#### Data section ####

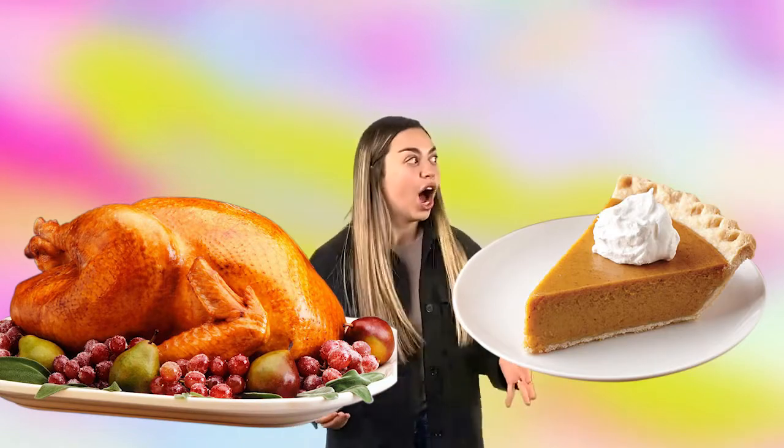Oh, hey, Dad, speaking of food, I brought you a taco. No way. Yeah. Thomas, I'm so thankful.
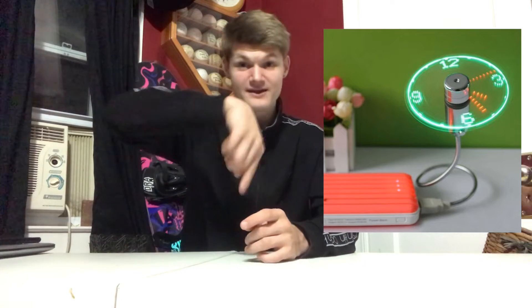This last product is also super cool — it's just a tiny little gadget, and it is our mini USB spinning clock. Basically it's a fan — it can blow air — but it has LEDs on it. When it spins, it creates an image using the LEDs of a clock, and the clock actually moves and updates, which is super cool.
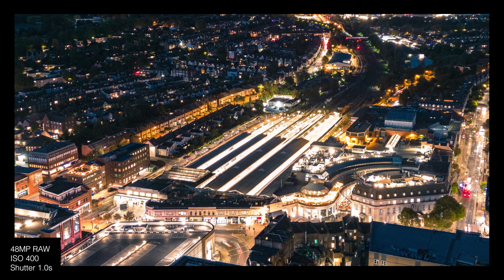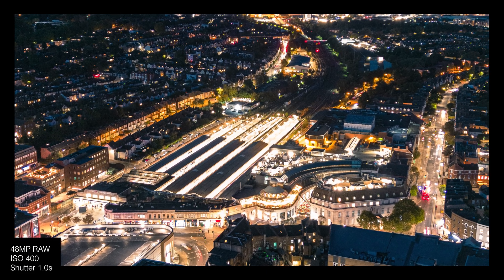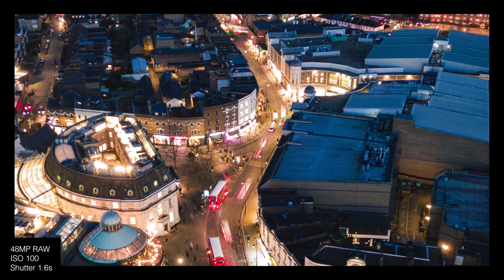Stills in low light are pretty great as well. As long as the drone stays fairly still, you can get a long exposure photo and it does a really good job.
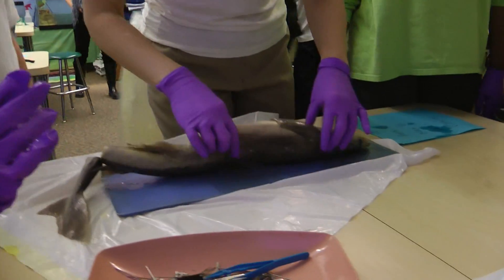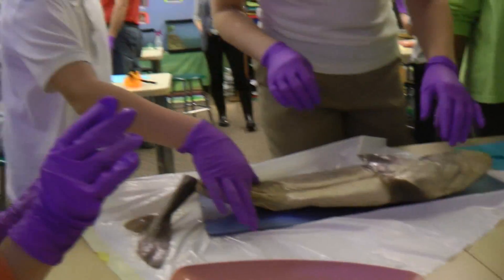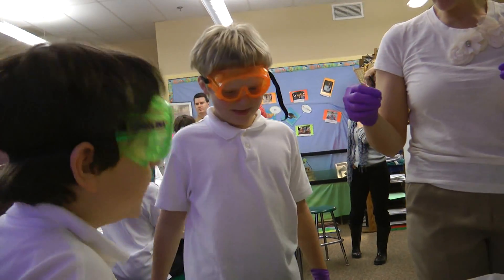Can you tell if it's a male or a female? How do you know? It's got the grippers, right?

####

Print every line of the material exactly as written, but drop the pictures.

_Exercise output_:
Oh, hey, Dad, speaking of food, I brought you a taco. No way. Yeah. Thomas, I'm so thankful.
This last product is also super cool — it's just a tiny little gadget, and it is our mini USB spinning clock. Basically it's a fan — it can blow air — but it has LEDs on it. When it spins, it creates an image using the LEDs of a clock, and the clock actually moves and updates, which is super cool.
Stills in low light are pretty great as well. As long as the drone stays fairly still, you can get a long exposure photo and it does a really good job.
Can you tell if it's a male or a female? How do you know? It's got the grippers, right?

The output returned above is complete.